Version 0.5.0 - 20 March 2013

- Added full support for CUDA 5.0, including the Tesla K20 and other
  GK110 ("Kepler 2") GPUs.  QUDA has yet to be fully optimized for
  GK110, however.

- Added multi-GPU support for the domain wall action, to be further
  optimized in a future release.

- Added official support for the QDP-JIT library, enabled via the
  "--enable-qdp-jit" configure option.  With the combination of QUDA
  and QDP-JIT, Chroma runs almost entirely on the GPU.

- Added a fortran interface, found in include/quda_fortran.h and
  lib/quda_fortran.F90.

- QUDA is now compatible with the Berlin QCD (BQCD) package,
  supporting both Wilson and Clover solvers, including support for
  multiple GPUs.  This currently requires a specific branch of BQCD
  (https://github.com/lattice/bqcd-r399-quda).

- Added a new interface function, initCommsGridQuda(), for declaring
  the mapping of MPI ranks (or QMP node IDs) to the logical grid used
  for communication.  This finally completes the MPI interface, which
  previously relied on an undocumented function internal to QUDA.

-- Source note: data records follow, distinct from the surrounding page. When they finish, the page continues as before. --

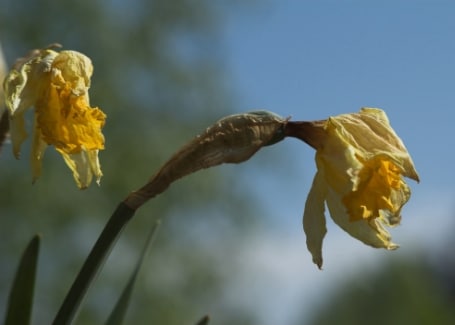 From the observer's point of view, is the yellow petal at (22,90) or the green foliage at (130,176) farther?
the green foliage at (130,176)

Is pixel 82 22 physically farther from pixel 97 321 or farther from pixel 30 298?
pixel 30 298

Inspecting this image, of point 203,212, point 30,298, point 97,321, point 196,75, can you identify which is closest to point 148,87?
point 196,75

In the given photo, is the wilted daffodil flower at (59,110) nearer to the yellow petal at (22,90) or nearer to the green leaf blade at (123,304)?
the yellow petal at (22,90)

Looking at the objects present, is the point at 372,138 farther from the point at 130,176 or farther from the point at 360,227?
the point at 130,176

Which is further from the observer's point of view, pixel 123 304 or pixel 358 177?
pixel 123 304

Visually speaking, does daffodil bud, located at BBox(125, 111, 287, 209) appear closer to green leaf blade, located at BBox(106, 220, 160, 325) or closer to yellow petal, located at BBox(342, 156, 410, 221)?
yellow petal, located at BBox(342, 156, 410, 221)

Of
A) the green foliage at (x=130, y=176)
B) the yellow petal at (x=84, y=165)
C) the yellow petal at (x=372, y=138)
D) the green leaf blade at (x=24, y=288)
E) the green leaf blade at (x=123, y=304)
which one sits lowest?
the green foliage at (x=130, y=176)

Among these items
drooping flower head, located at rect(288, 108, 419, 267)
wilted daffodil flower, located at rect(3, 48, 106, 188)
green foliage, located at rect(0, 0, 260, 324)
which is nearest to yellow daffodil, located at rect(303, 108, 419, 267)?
drooping flower head, located at rect(288, 108, 419, 267)

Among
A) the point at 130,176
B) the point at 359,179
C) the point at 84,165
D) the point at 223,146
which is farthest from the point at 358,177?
the point at 130,176

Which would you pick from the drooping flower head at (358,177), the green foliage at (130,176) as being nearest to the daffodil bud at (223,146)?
the drooping flower head at (358,177)
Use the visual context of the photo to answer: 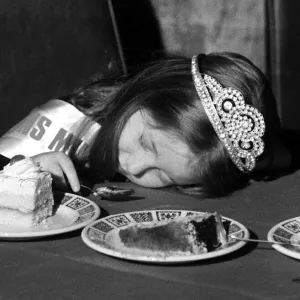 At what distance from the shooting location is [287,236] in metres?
1.28

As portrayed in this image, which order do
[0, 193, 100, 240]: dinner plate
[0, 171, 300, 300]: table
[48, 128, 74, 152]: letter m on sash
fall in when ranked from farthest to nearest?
[48, 128, 74, 152]: letter m on sash < [0, 193, 100, 240]: dinner plate < [0, 171, 300, 300]: table

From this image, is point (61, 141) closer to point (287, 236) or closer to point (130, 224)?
point (130, 224)

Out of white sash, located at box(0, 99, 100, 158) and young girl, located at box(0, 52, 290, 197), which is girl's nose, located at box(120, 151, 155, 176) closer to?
young girl, located at box(0, 52, 290, 197)

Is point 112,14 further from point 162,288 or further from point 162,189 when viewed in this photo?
point 162,288

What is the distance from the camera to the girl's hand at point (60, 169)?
1.79 meters

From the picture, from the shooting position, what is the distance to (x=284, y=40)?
10.5 ft

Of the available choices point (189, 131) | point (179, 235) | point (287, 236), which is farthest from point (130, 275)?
point (189, 131)

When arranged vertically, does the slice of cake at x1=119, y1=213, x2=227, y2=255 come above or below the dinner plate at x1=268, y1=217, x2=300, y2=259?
above

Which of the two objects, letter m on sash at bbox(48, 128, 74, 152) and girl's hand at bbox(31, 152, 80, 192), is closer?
girl's hand at bbox(31, 152, 80, 192)

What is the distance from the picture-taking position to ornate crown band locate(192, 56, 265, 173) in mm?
1728

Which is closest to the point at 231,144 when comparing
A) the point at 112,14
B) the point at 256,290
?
the point at 256,290

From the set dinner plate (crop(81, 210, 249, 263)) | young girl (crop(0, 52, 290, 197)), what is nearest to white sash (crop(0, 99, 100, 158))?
young girl (crop(0, 52, 290, 197))

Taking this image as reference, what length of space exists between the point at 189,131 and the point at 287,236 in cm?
50

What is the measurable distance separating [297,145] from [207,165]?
0.82m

- Added a new interface function, setVerbosityQuda(), to allow for
  finer-grained control of status reporting.  See the description in
  include/quda.h for details.

- Merged wilson_dslash_test and domain_wall_dslash_test together into
  a unified dslash_test, and likewise for invert_test.  The staggered
  tests are still separate for now.

- Moved all internal symbols behind a namespace, "quda", for better
  insulation from external applications and libraries.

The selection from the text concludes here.